A little cheat-sheet, on how to wrap Python mpmath procedurals inside regular SageMath expressions.

The following link should not be taken, as the complete solution to anybody else’s computing task, in which my readers might want to wrap Python code for use in SageMath. In fact, I don’t even consider myself an expert in either of these subjects.

For people who do not know, “SageMath” is a combination of “Computer Algebra System” – ‘CAS’ – and ‘Numerical Toolbox’. SageMath is written using multiple languages, mainly Python. And, the ‘Maxima’ CAS back-end was written in LISP. ‘mpmath’ is a specific Python package, that allows Multi-Precision Arithmetic.

The integration of ‘mpmath’ is particularly straightforward, because Sage already uses this package. But the principles that would be used for other Python packages are similar. An interface must be established, by which Sage objects can be translated into the objects specific to the external Python packages, and back into objects that Sage can recognize again. Objects that Sage finds particularly useful, are ‘Symbolic Functions’ – that are to be manipulated algebraically – and ditto for ‘Symbolic Expressions’.

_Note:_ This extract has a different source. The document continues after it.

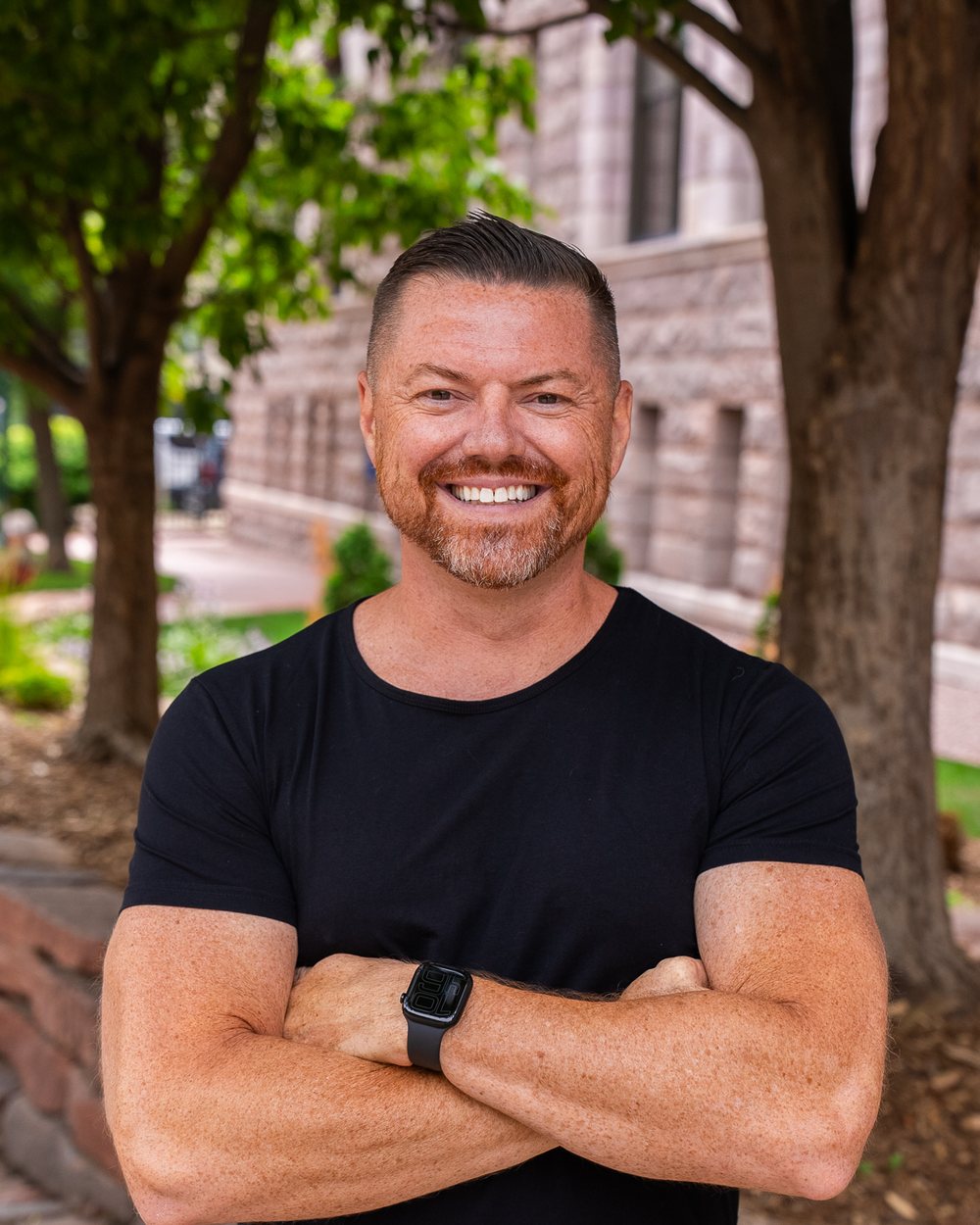Brian Rand smiling with arms crossed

If worse comes to worst, then the data generated by the external, ‘wrapped’ code, may be converted into native Python objects such as ~Strings~. However, Sage does not recognize strings as valid Symbolic Expressions. So, one way around that could be, to call Sage’s ‘sage_eval()‘ function on the strings. (:1)

 

http://dirkmittler.homeip.net/LambertW%20Test%203%20–%20Sage.html

 

(Updated 7/28/2021, 12h15… )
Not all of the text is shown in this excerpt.